The DNMT1miR-34a Axis Is Involved in the Stemness of Human Osteosarcoma Cells and Derived Stem-Like Cells

الملخص EN

The DNA methyltransferase 1 (DNMT1)/miR-34a axis promoted carcinogenesis of various types of cancers.

However, no literature reported its contribution to the stemness of osteosarcoma cancer stem-like cells (OSLCs).

We sought to determine whether the DNMT1/miR-34a axis facilitates the stemness of OSLCs.

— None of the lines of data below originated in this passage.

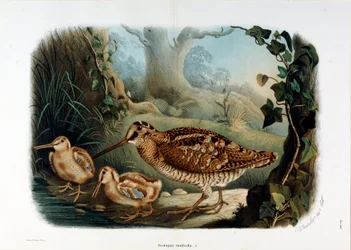 Representación del pico de madera (Scolopax rusticola o Becada) (Cromolitografía)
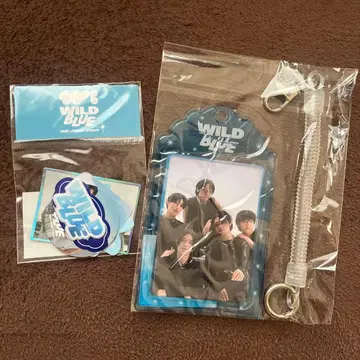 WILDBLUE 굿즈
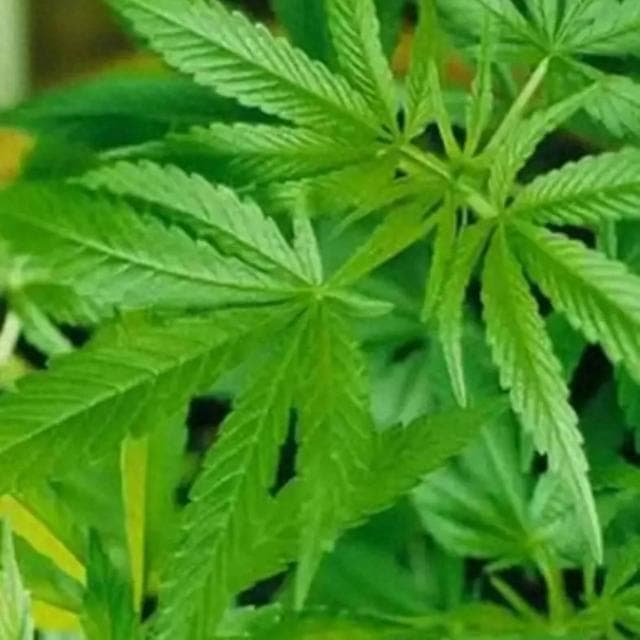 火麻仁：润肠通便的中药瑰宝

We here revealed the higher DNMT1 activity and expression, lower miR-34a expression with high methylation of its promoter, and stronger stemness of OSLCs, as manifested by elevated sphere and colony formation capacities; CD133, CD44, ABCG2, Bmi1, Sox2, and Oct4 protein amounts in vitro; and carcinogenicity in a nude mouse xenograft model, when compared to the parental U2OS cells.

5-Azacytidine (Aza-dC) repressed DNMT1 activation and upregulated miR-34a expression by promoter demethylation and suppressed the stemness of OSLCs in a dose-dependent manner.

DNMT1 knockdown increased miR-34a and reduced the stemness of OSLCs.

Transfection with a miR-34a mimic repressed the stemness of OSLCs but did not alter DNMT1 activity and expression.

Conversely, DNMT1 overexpression declined miR-34a levels, promoting the stemness of U2OS cells.

Transfection with a miR-34a inhibitor enhanced the stemness of U2OS cells, without affecting the DNMT1 activity and expression.

Importantly, reexpression of miR-34a could rescue the effects of DNMT1 overexpression on miR-34a inhibition as well as the stemness promotion without affecting the activity and expression of DNMT1.

Our results revealed that aberrant activation of DNMT1 caused promoter methylation of miR-34a, leading to miR-34a underexpression, and the role of the DNMT1/miR-34a axis in promoting and sustaining the stemness of OSLCs.